Oh Brother, all the pain wannabes go through for their 15 minutes of fame

It's in its last ever season, but the wannabes are still keen for their moments of fame on Big Brother.

And fame costs -- as I found, along with hundreds of budding reality stars at the RDS.

There's no messing around in the auditions -- I was thrown into a team of eight to work on my teamwork skills.

The crew member explained that Big Brother is "all about teamwork" and we would be going through a series of tasks before we met with producers.

Firstly, we had to pass a soccer ball to another team member without using our hands, but after three rounds of losing, my team was subject to a forfeit task chosen by the winners, which was designed to be as humiliating as can be. My seven teammates and I had the pleasure of dirty dancing with each other while making farm animal noises.

As the first task ended, it became clear how producers weed out the shy from the uninhibited very early on. And I realised that no task was off limits for the fame hungry, and that none of my cohorts fully understood the concept of embarrassment. But, sadly, I was one of them now.

The fundamental concept of Big Brother is the idea that you are always being watched, and this begins the second you enter the venue to audition. When you are grinding with a complete stranger while oinking and mooing, there is always a producer nearby observing how you cope with the situation.

Next, we were ushered into another area where we met with production staff.

We were asked to rate each other based on who was the most interesting out of the group, down to who was the least. I was placed fifth -- smack in the middle of mediocrity.
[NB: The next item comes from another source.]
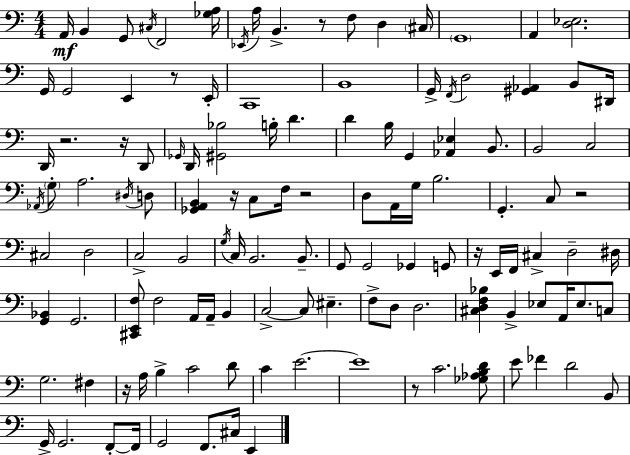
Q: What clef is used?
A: bass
After about 15 minutes of these types of tasks, a crew member informed us that they would be making cuts and only three of us continued on to the next round.
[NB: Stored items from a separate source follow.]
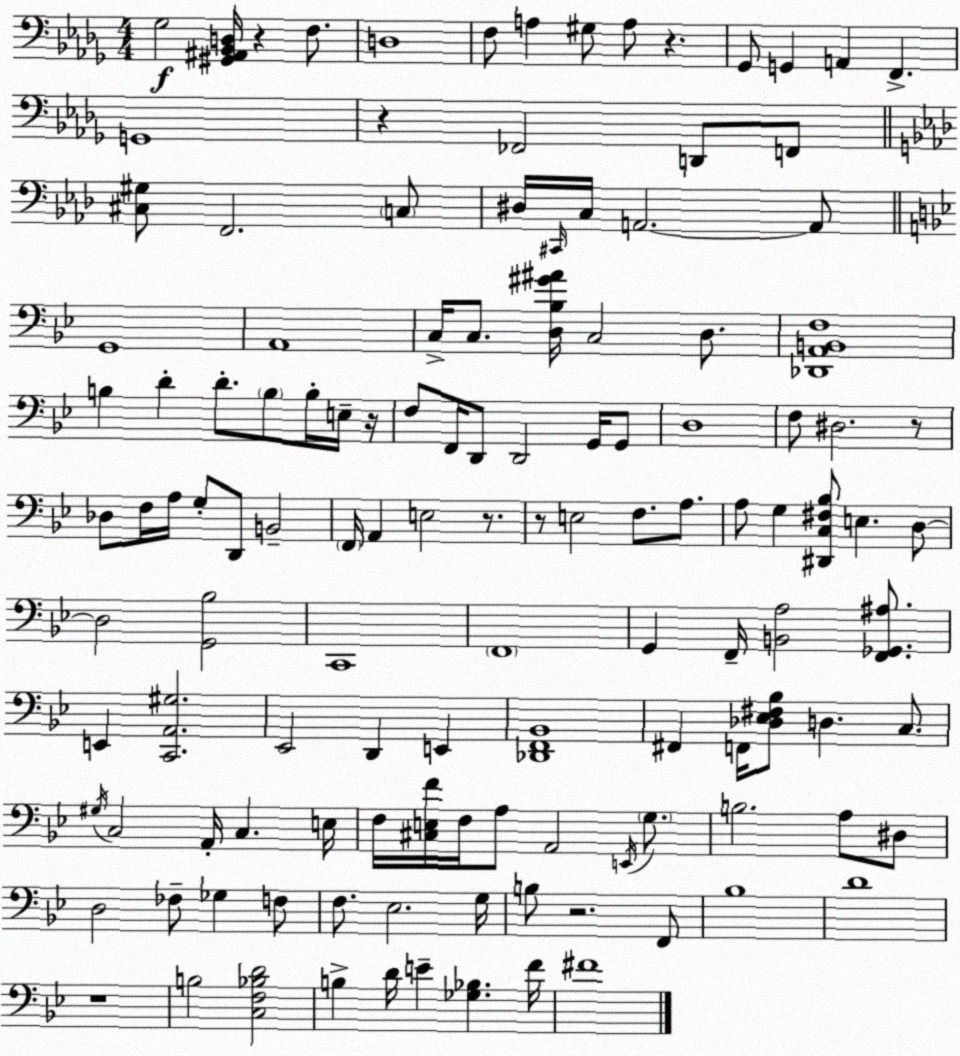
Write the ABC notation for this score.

X:1
T:Untitled
M:4/4
L:1/4
K:Bbm
_G,2 [^G,,^A,,_B,,D,]/4 z F,/2 D,4 F,/2 A, ^G,/2 A,/2 z _G,,/2 G,, A,, F,, G,,4 z _F,,2 D,,/2 F,,/2 [^C,^G,]/2 F,,2 C,/2 ^D,/4 ^C,,/4 C,/4 A,,2 A,,/2 G,,4 A,,4 C,/4 C,/2 [D,_B,^G^A]/4 C,2 D,/2 [_D,,A,,B,,F,]4 B, D D/2 B,/2 B,/4 E,/4 z/4 F,/2 F,,/4 D,,/2 D,,2 G,,/4 G,,/2 D,4 F,/2 ^D,2 z/2 _D,/2 F,/4 A,/4 G,/2 D,,/2 B,,2 F,,/4 A,, E,2 z/2 z/2 E,2 F,/2 A,/2 A,/2 G, [^D,,C,^F,_B,]/2 E, D,/2 D,2 [G,,_B,]2 C,,4 F,,4 G,, F,,/4 [B,,A,]2 [F,,_G,,^A,]/2 E,, [C,,A,,^G,]2 _E,,2 D,, E,, [_D,,F,,_B,,]4 ^F,, F,,/4 [_D,_E,^F,_B,]/2 D, C,/2 ^G,/4 C,2 A,,/4 C, E,/4 F,/4 [^C,E,F]/4 F,/4 A,/2 A,,2 E,,/4 G,/2 B,2 A,/2 ^D,/2 D,2 _F,/2 _G, F,/2 F,/2 _E,2 G,/4 B,/2 z2 F,,/2 _B,4 D4 z4 B,2 [C,F,_B,D]2 B, D/4 E [_G,_B,] F/4 ^F4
We were asked to put out our hand and were then stamped with the Big Brother emblem.

Although there were looks of disappointment from those who didn't get through, particularly from one woman who auditioned for the fourth time, I found myself over excited for managing to get the elusive stamp on my hand.
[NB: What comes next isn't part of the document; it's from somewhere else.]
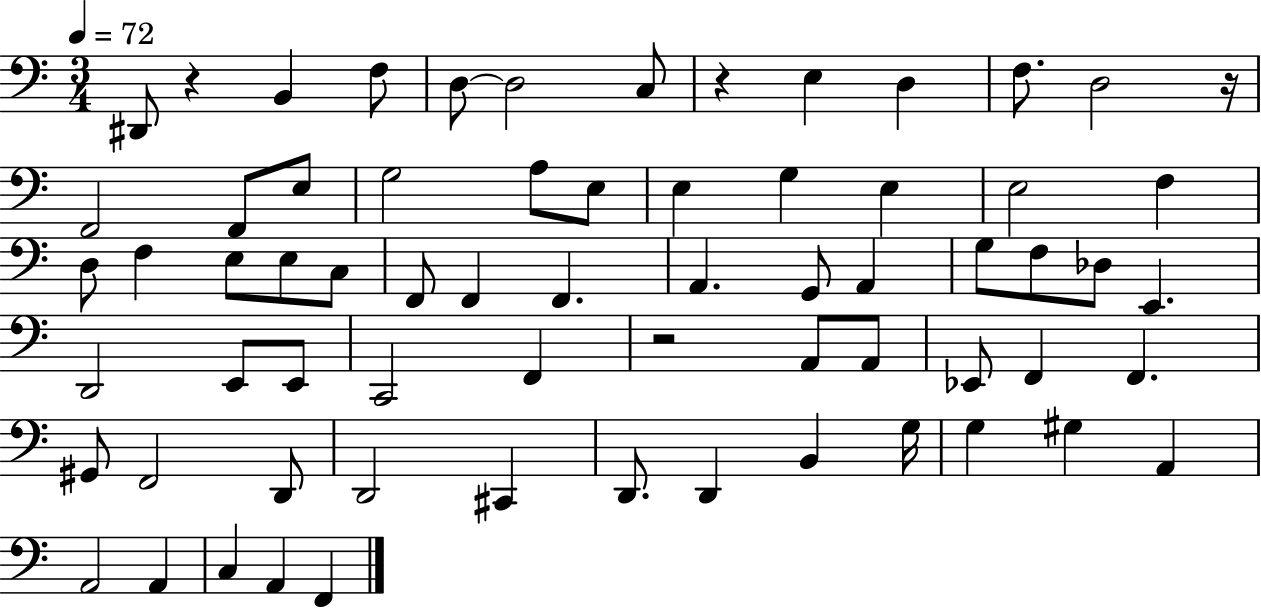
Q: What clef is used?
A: bass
Big Brother found me an acceptable candidate after meeting with me for just a few minutes -- I was both proud and worried for my mental health.

Now came the hard part, when I was required to fill out a questionnaire asking me everything from the most interesting things about myself to the most shameful moment of my life, after rating myself on a scale from one to 10 on how beautiful, intelligent and ruthless I consider myself to be.

This is where I had to draw the line. Although reality TV shows happen to be one of my secret vices, I prefer to observe. So, I will be sticking to my life behind the scenes ... and definitely tuning into Big Brother this summer in the hope of seeing a few familiar faces.